I like the antiphons, but I do agree the liturgy-nerd hoopla over them does get tedious.
One note: I regret the retranslation of one of the verses of Veni, Veni Emmanuel, such that it no longer says:
"O Come, Thou Son of Jesse free/Thine own from Satan's tyranny;/From depths of hell thy people save/And give them victory over the grave."
I guess this was taken as not nice to the Jewish people; but silly me, growing up, I thought this meant me too -- and I liked the idea of being saved from the "depths of hell."
Alternately, of course, one can say that the song is sung from a pre-nativity perspective -- hence, the Lord has come his people to save.
At any rate, I strongly suspect unreflective bowdlerization at work here, which irritates me.
Fr. Fox:
I think you're right that the verse must apply to all of us--I'm not sure why anybody would read it as unfriendly to Jews in particular. I do think you're right, though: there is often bowdlerization at work in these translations (I notice that even Love Divine has been changed around to suit more a contemporary Zeitgeist)--bowdlerization or banalization!

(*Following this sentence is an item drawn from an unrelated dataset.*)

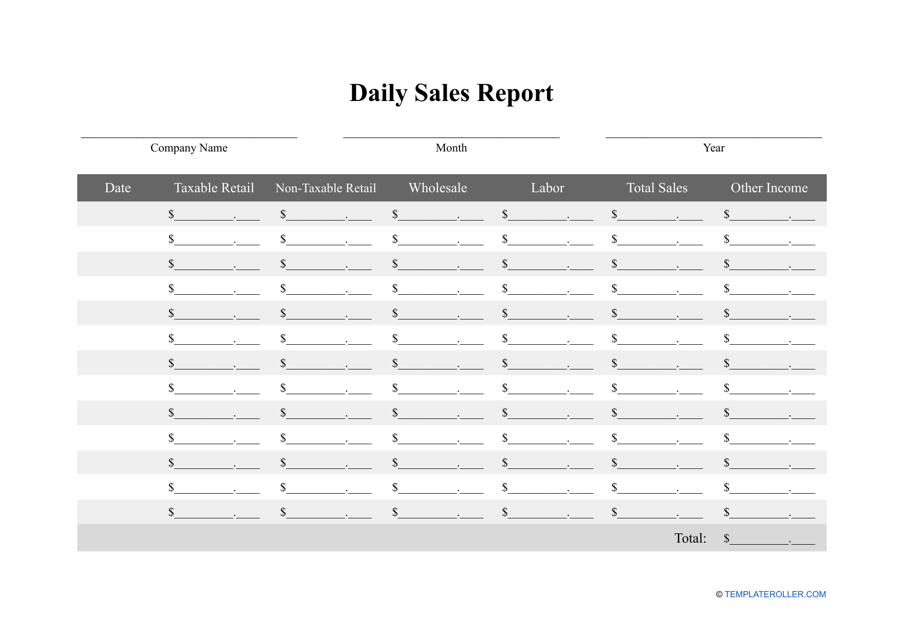 Daily Sales Report Template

I will break my own promise just a little bit to make this one remark: in Anglican use the antiphon O Sapientia is assigned to 16 December, and the period from 16 December up through the Vigil of Christmas inclusive was known as Sapientiatide. I'm something of a fan of those old-fashioned -tides of the Anglican use, and I rather regret the elimination of the more colorful division of liturgical seasons (such as Epiphany, Passiontide, Trinity, etc.) after the Council.